### Exercise goal
Output all entries exactly as they appear and skip the pictures.

(Data for the task Opens)

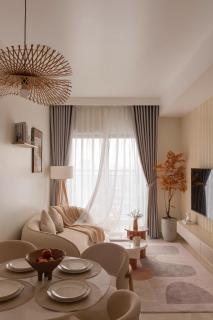 SOHO Residences and Hotel, City Central, District 1, Maison De Gu - Ho Chi Minh - 4
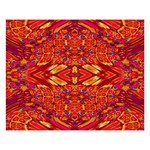 Sugarpattern 8  x 10  Desktop Photo Plaque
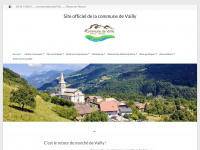Vailly74.fr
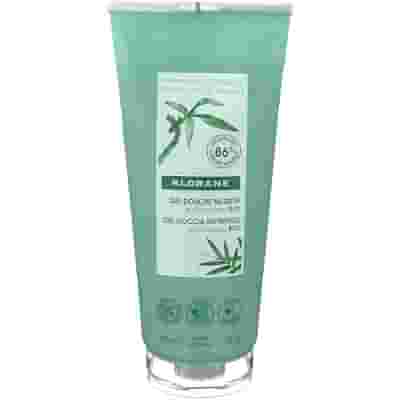 KLORANE GEL DOCCIA LINFA DI BAMBOO 200 ML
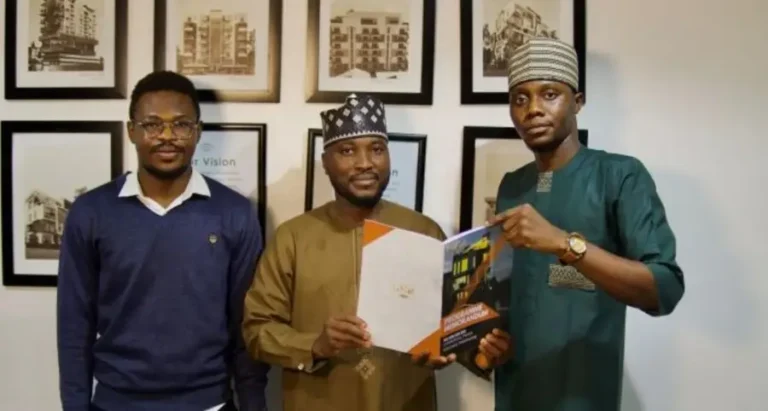 Godmade Homes Issues N3.70bn Series 1 Commercial Paper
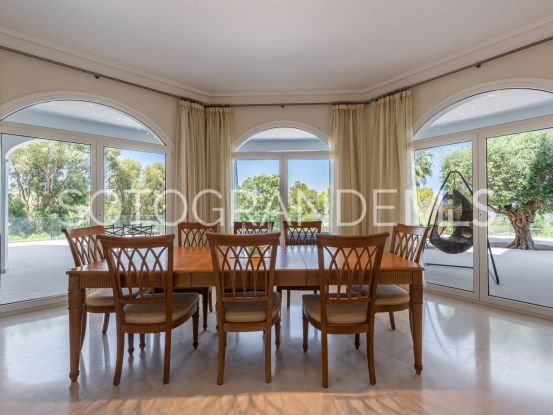 5 bedrooms villa for sale in Almenara | Holmes Property Sales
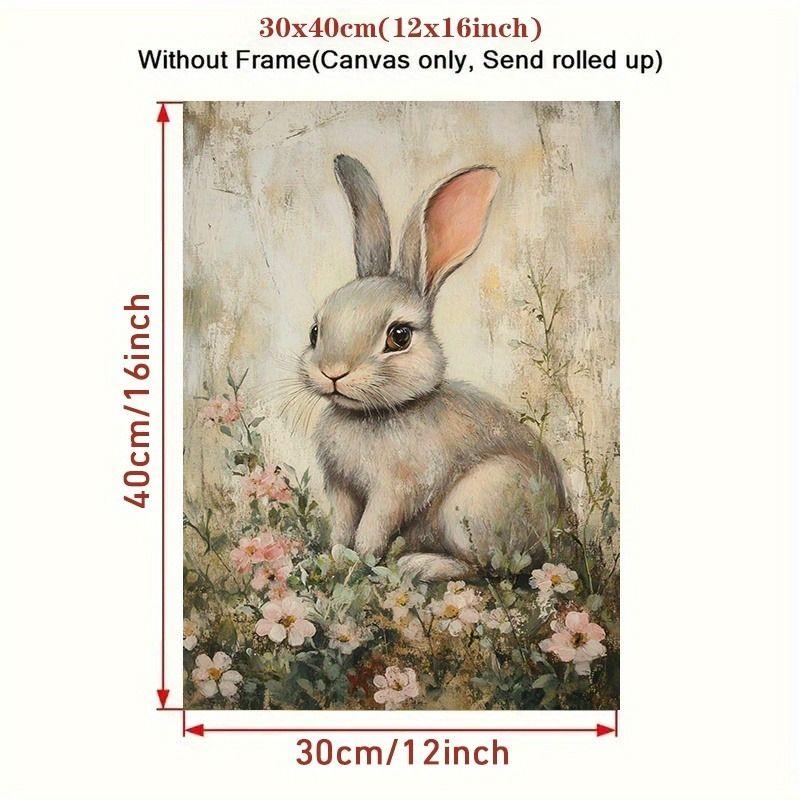 Metal Painting Russian Easter Theme Religious Home Wall Art Decor Religious Easter Gift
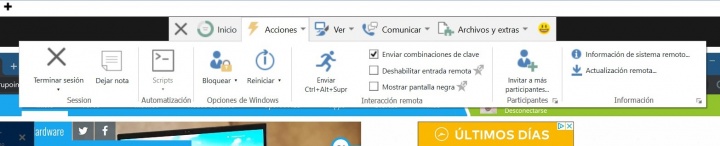 Imagen - Cómo usar TeamViewer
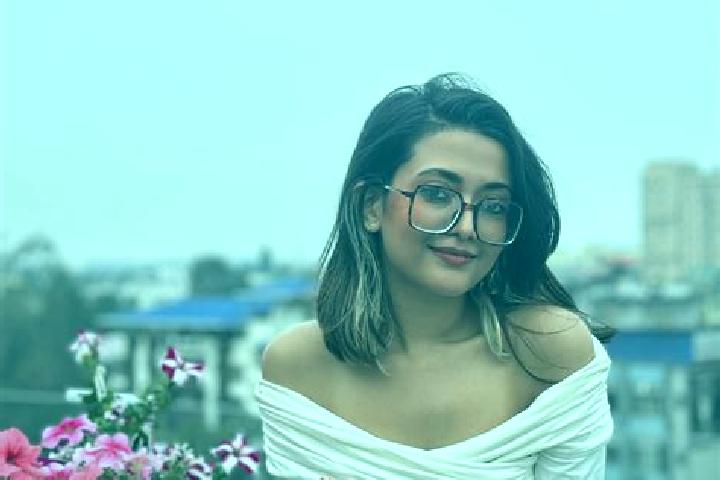 Layla, 38 — Escort in Rongtang, China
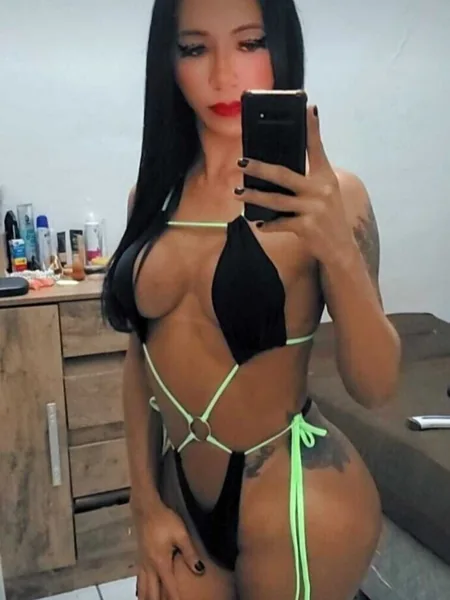 🔝🍑 Amanda Jaborandy 5️⃣🌟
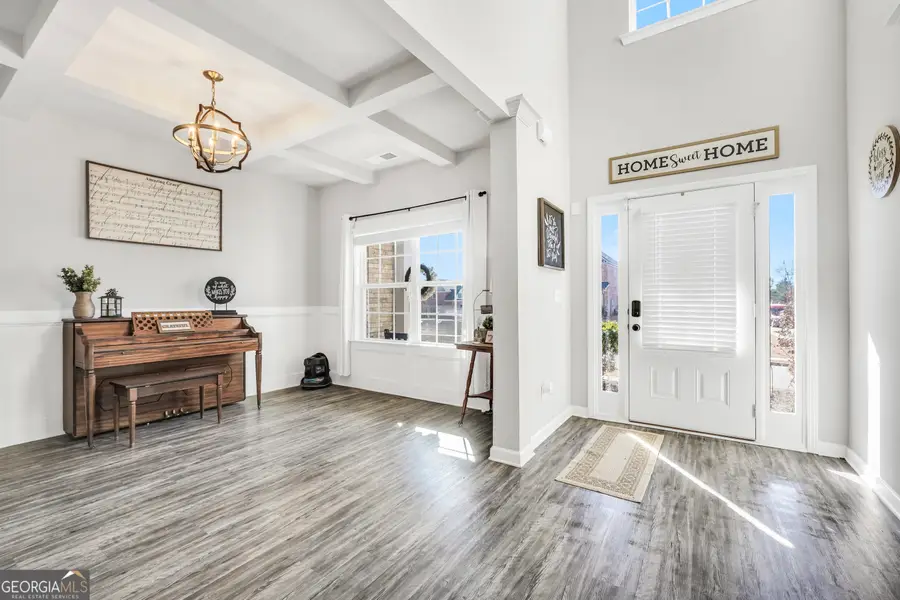 109 Expedition Drive, Ellenwood, GA 30294 - #3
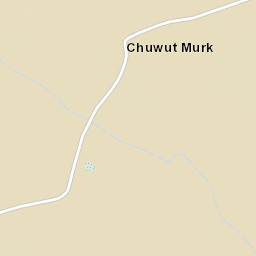 Chuwut Murk Arizona Street Map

(Data for the task Closes)

### Response to this exercise
 SOHO Residences and Hotel, City Central, District 1, Maison De Gu - Ho Chi Minh - 4
 Sugarpattern 8  x 10  Desktop Photo Plaque
Vailly74.fr
 KLORANE GEL DOCCIA LINFA DI BAMBOO 200 ML
 Godmade Homes Issues N3.70bn Series 1 Commercial Paper
 5 bedrooms villa for sale in Almenara | Holmes Property Sales
 Metal Painting Russian Easter Theme Religious Home Wall Art Decor Religious Easter Gift
 Imagen - Cómo usar TeamViewer
 Layla, 38 — Escort in Rongtang, China
 🔝🍑 Amanda Jaborandy 5️⃣🌟
 109 Expedition Drive, Ellenwood, GA 30294 - #3
 Chuwut Murk Arizona Street Map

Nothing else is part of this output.